• _WHAT IS NEEDED_:
Your response should contain only the lines running from the top of the data below through the line with "SpaceDot team", both included. Pictures must be omitted.

• _DATA TO PROCESS_:

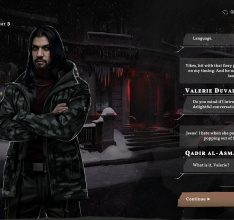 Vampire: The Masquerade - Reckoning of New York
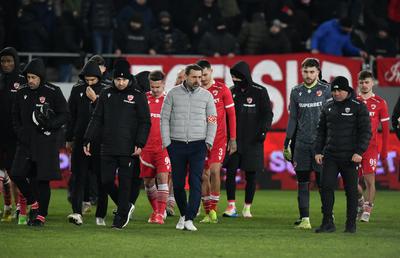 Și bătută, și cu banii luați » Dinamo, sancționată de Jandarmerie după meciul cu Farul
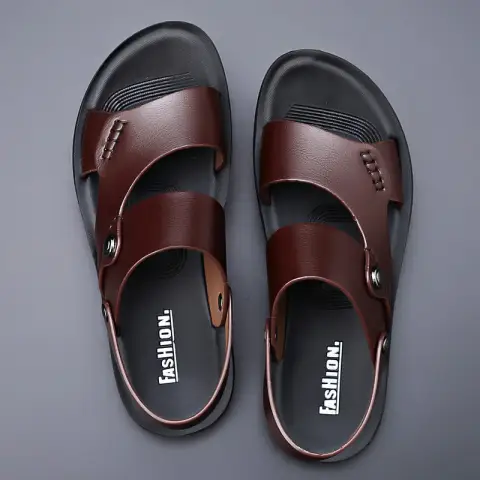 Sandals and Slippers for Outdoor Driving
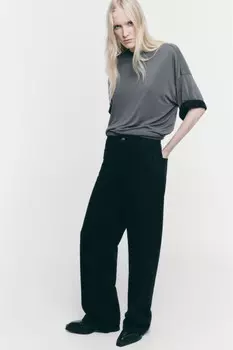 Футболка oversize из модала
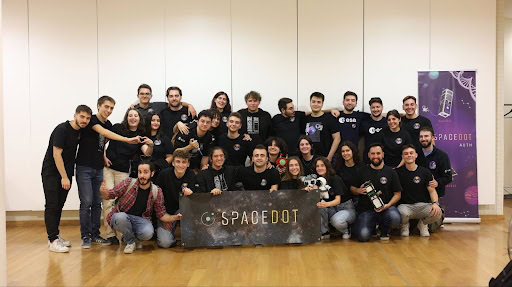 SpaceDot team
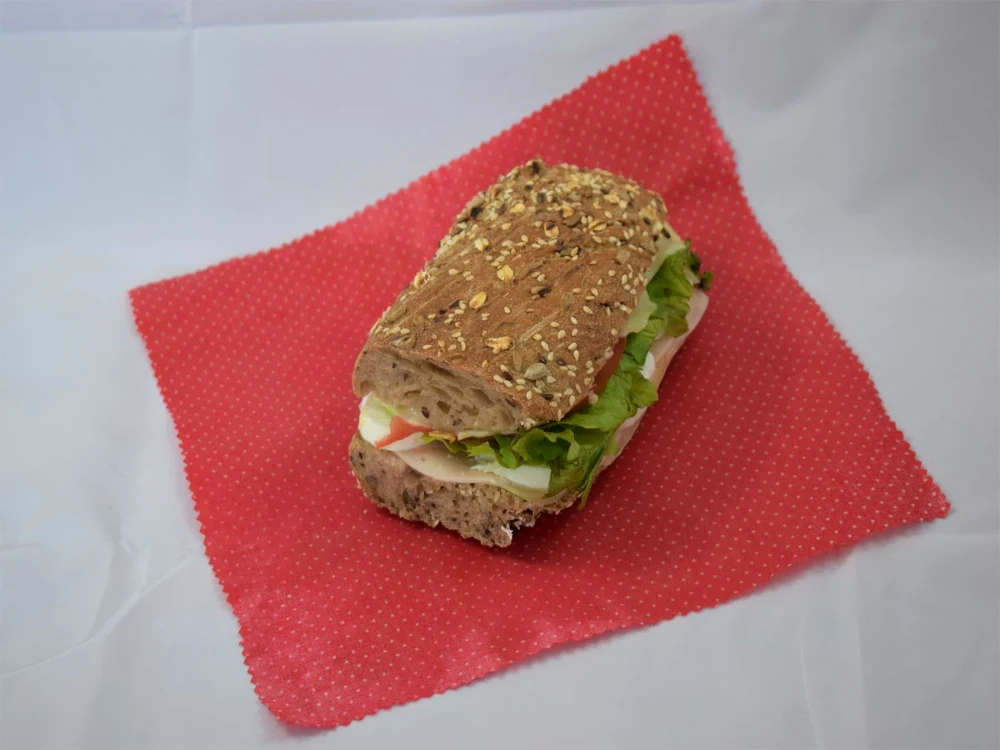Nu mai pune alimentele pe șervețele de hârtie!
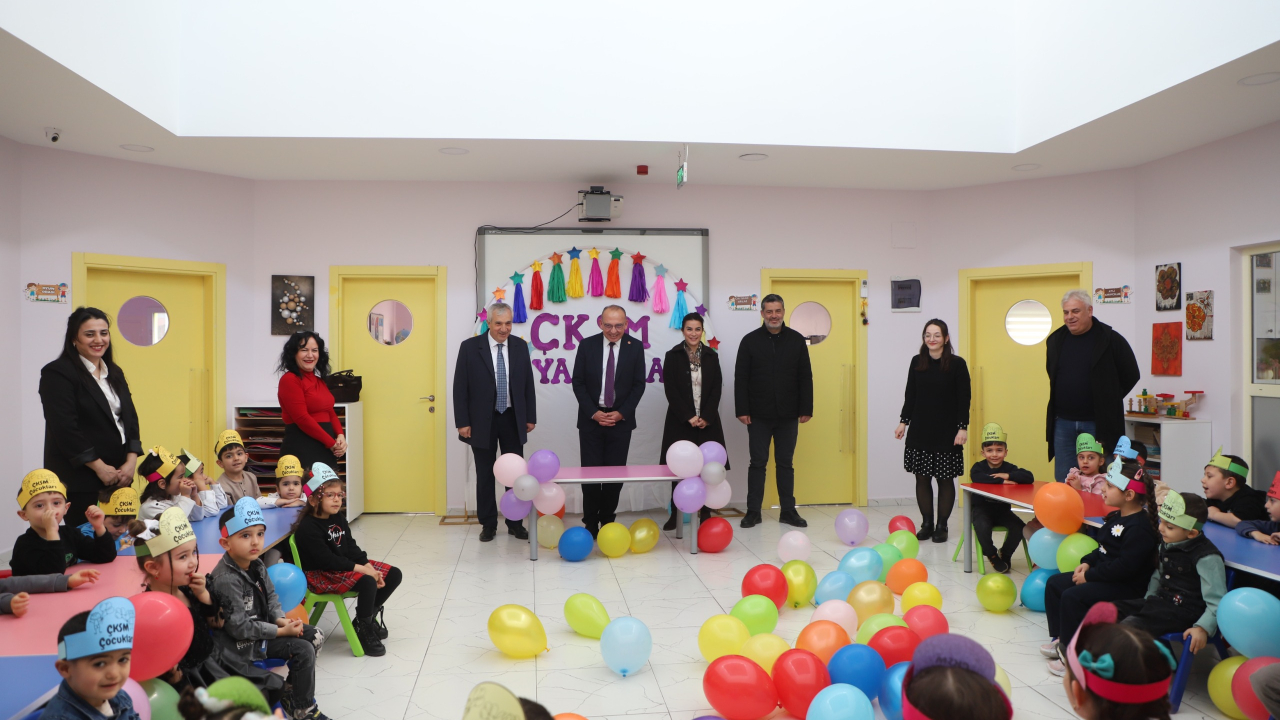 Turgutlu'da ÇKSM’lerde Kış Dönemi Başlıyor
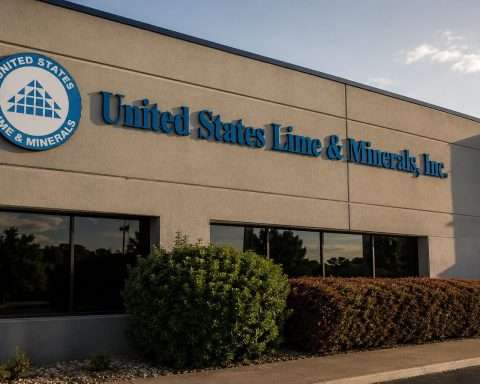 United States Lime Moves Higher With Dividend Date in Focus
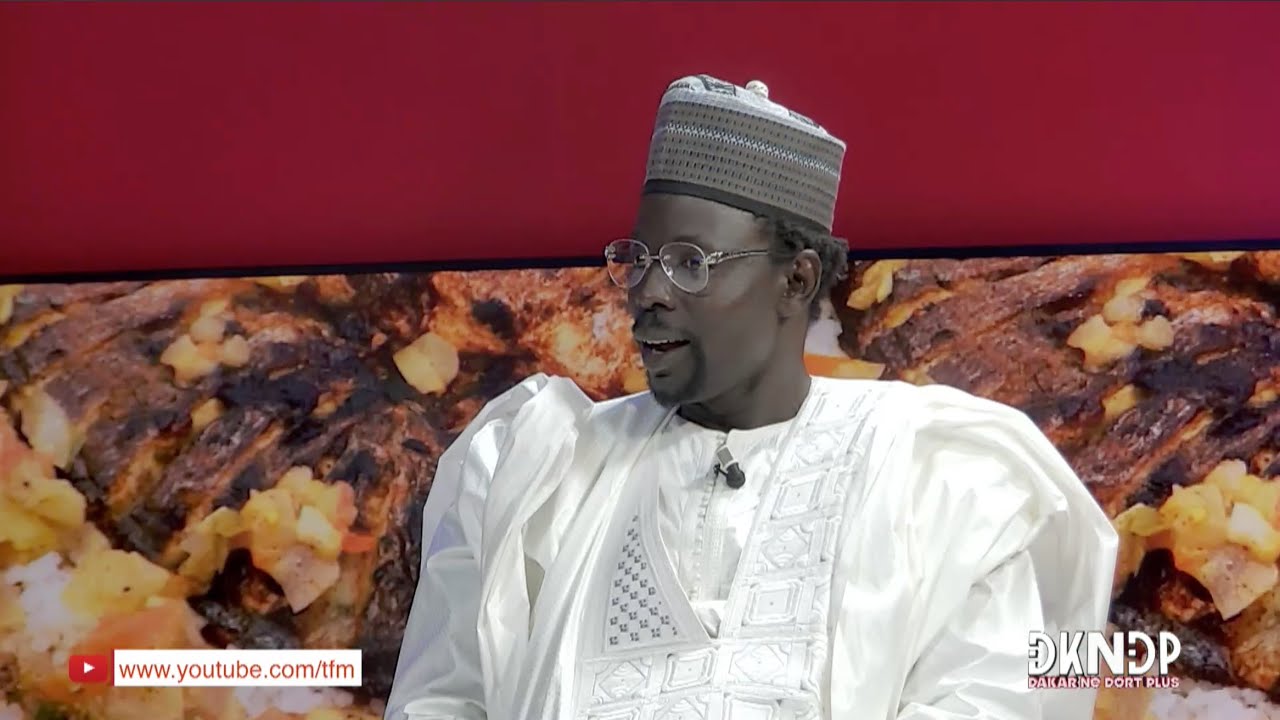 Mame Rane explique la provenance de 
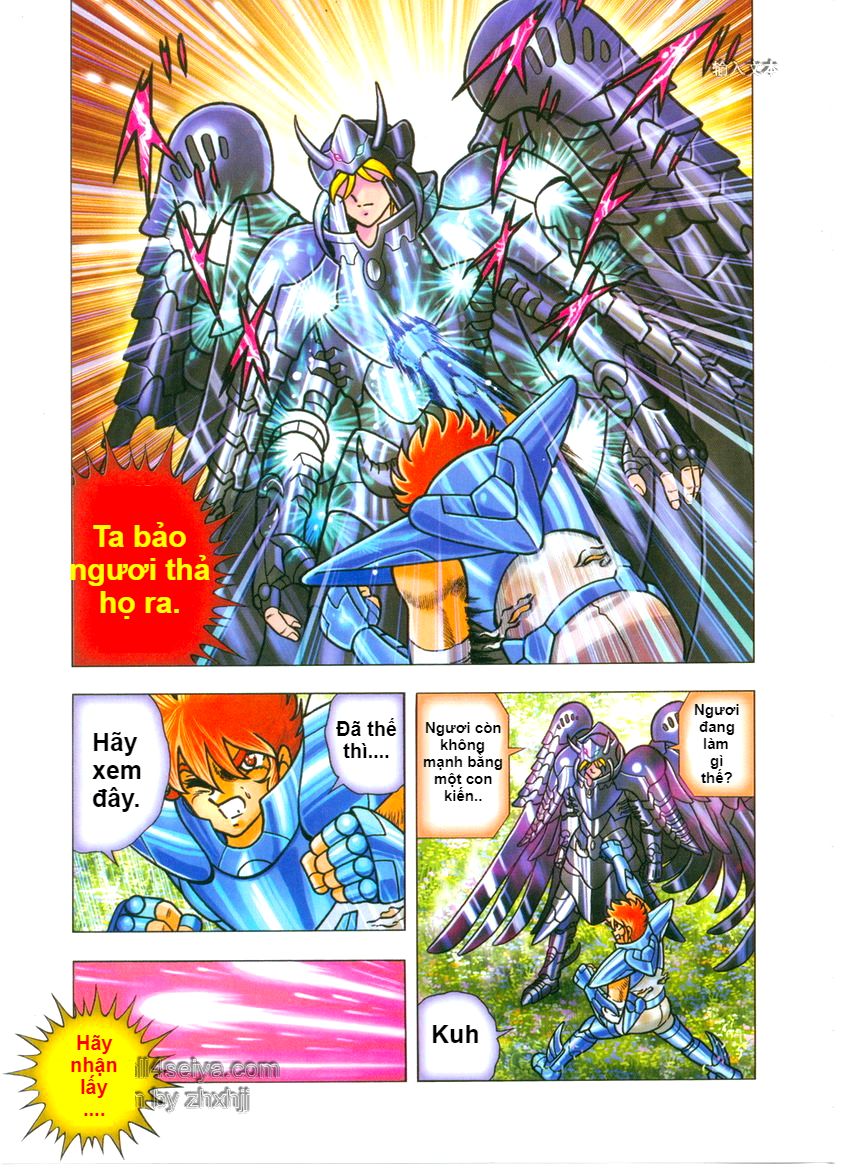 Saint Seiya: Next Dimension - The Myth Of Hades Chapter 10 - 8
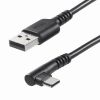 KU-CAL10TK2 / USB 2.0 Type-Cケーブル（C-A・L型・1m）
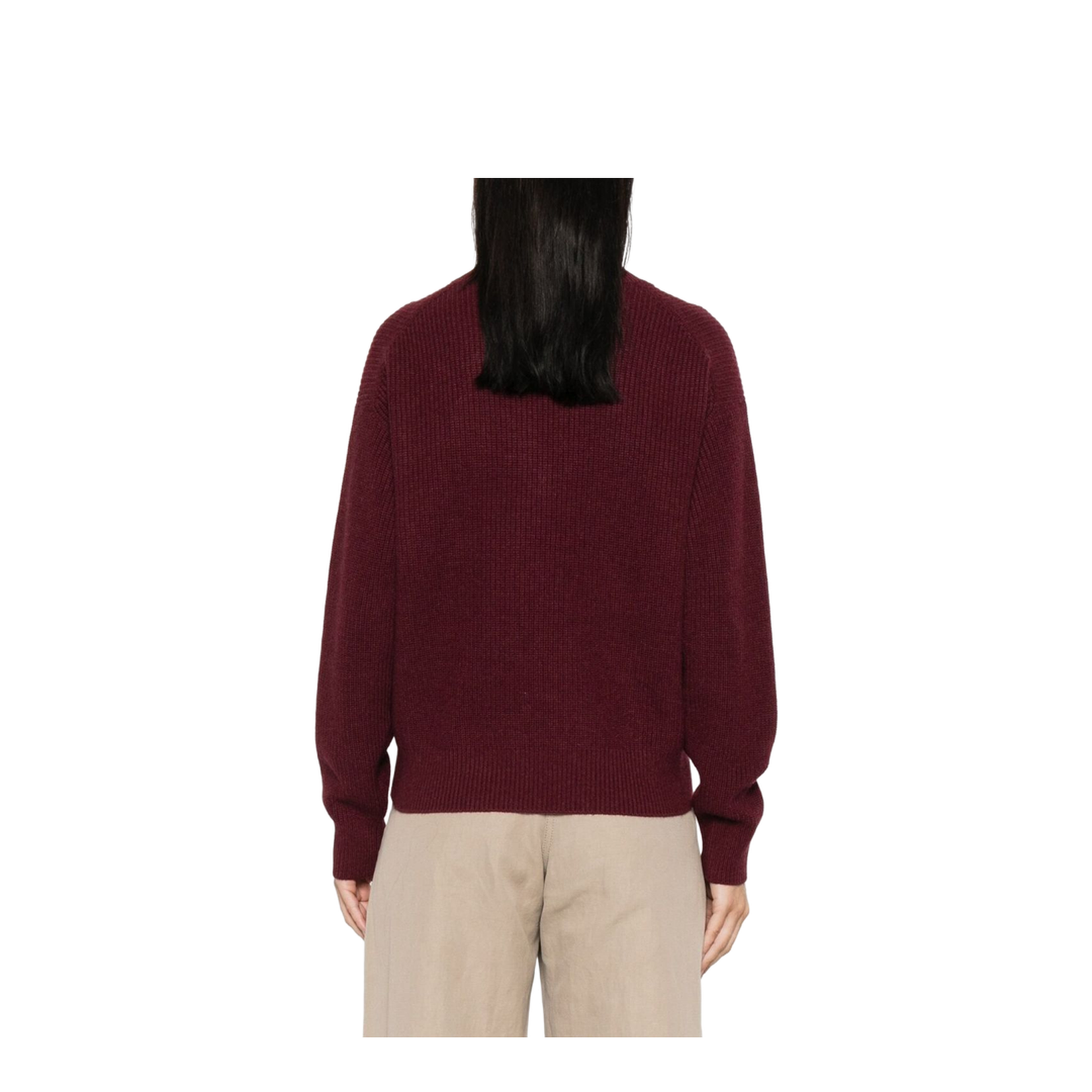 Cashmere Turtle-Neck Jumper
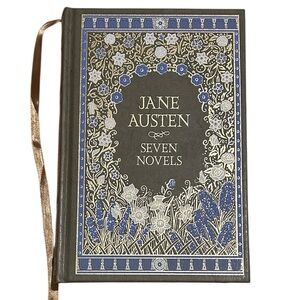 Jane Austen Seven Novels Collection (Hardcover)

• _SOLVED EXERCISE_:
 Vampire: The Masquerade - Reckoning of New York
 Și bătută, și cu banii luați » Dinamo, sancționată de Jandarmerie după meciul cu Farul
 Sandals and Slippers for Outdoor Driving
 Футболка oversize из модала
 SpaceDot team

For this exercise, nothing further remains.